Arkhe’nin düzenlediği Bienal Lefkoşa’nın Vedat Kaner Vakfı’nın ana sponsorluğunda ve Design House Stockholm ve Poster for Tomorrow’un destekleriyle gerçekleşecek.

Bienal ekibi, bienal koordinatörü Halil Durunay, uluslararası operasyon sorumlusu İlkem Tunar, ulusal operasyon sorumlusu Bilgen Anayasa, iletişim sorumlusu Atıf Müezzinler ve tasarım sorumlusu Murat Zengi ile bienal sahne ve performans koordiantoru Handan Ergiydiren’den oluşuyor.

Küratoryal ve seçici komitede ise, Hervé Matine’ye; Kanada kökenli İtalya’da yaşayan tasarımcı Ginette Caron, Kıbrıs’tan tasarımcı ve akademisyen Senih Çavuşoğlu ile İspanya’da yaşayan sanatçı ve Arkhe Yönetim Kurulu üyesi Aslı Bolayır eşlik edecek.
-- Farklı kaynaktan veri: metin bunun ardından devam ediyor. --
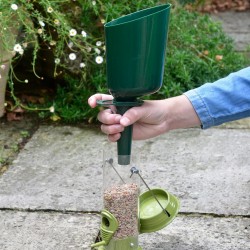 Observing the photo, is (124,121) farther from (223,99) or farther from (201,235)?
(201,235)

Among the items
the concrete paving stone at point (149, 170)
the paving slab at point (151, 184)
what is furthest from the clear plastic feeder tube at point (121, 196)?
the concrete paving stone at point (149, 170)

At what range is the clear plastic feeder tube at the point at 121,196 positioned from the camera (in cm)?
222

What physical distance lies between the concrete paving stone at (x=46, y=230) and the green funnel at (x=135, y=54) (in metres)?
0.66

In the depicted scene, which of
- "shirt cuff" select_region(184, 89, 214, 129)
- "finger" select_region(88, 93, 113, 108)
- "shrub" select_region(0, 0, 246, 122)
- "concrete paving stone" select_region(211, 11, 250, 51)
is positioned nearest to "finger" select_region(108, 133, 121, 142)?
"finger" select_region(88, 93, 113, 108)

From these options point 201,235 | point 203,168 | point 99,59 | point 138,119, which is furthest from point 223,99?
point 99,59

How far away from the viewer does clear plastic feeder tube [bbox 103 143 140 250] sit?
2.22 meters

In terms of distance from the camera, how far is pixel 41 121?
383cm

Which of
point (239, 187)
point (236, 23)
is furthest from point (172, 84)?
point (236, 23)

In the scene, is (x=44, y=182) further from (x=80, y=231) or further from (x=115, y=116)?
(x=115, y=116)

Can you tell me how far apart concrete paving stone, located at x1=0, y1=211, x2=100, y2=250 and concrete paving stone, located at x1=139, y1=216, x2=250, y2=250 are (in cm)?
22

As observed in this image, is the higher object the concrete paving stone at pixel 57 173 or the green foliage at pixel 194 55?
the green foliage at pixel 194 55

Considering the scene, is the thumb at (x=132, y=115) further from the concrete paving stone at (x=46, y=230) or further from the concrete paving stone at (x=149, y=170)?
the concrete paving stone at (x=46, y=230)

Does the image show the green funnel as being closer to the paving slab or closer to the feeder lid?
the paving slab

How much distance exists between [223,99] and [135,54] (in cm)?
37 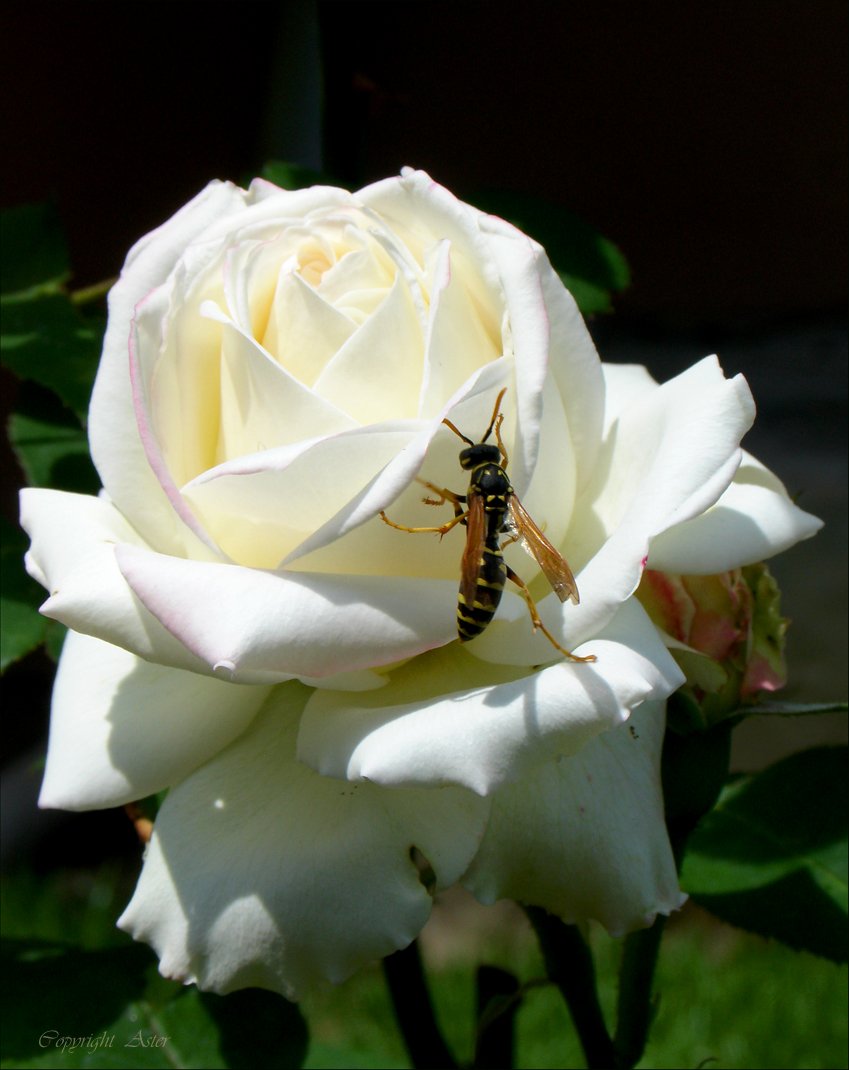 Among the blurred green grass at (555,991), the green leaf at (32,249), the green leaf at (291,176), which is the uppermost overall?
the green leaf at (291,176)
Bu dört kişilik komite, bienale başvuruları değerlendirecek ve sanatsal projelerin seçiminde rol oynayacak. Ayrıca, eserlerin secimi sonrasında eserleri uygulayan küratoryal kurul olarak görev yapacak.

– Mekanlar ve süreç

Bienalin ana merkezinin surlariçi olacağını belirten Duranay, şu ana kadar, Kültür Dairesi ve Vakıflar’la yapılan görüşmelerle, Lefkoşa Atatürk Kültür Merkezi (AKM), İsmet Vehit Güney Sergi Salonu ve Bedesten’in bienalde kullanılacak mekanlardan bazıları olarak belirlendiğini söyledi. Arasta, Bandabulya gibi ikonik alanları ise kamusal operasyonlar için düşündüklerini ekledi.

Ağustos sonunda seçilen sanatçıların açıklanacağını belirten Duranay, eylülde kuratöryel ekibin seçilen eserlerin hangi alanda sergileneceğine karar verileceğini ve ekimde tüm hazırlıkların tamamlanmasının hedeflendiğini aktardı.

– Bienal, bir şehri dahil edecek bir proje

Duranay, mart ayında, sanatçılara, sanat derneklerine, kültür endüstrisinde çalışanlara yönelik düzenledikleri açık formumda katılımcıların Eklektik Manifest ile ilgili görüş ve eleştirilerini dinlediklerini, Bienal Lefkoşa fikrini sunduklarını anlatarak, katılımcı bir şekilde yürüttükleri bienal sürecinde yeni forumlar düzenlemeyi planladıklarını da söyledi.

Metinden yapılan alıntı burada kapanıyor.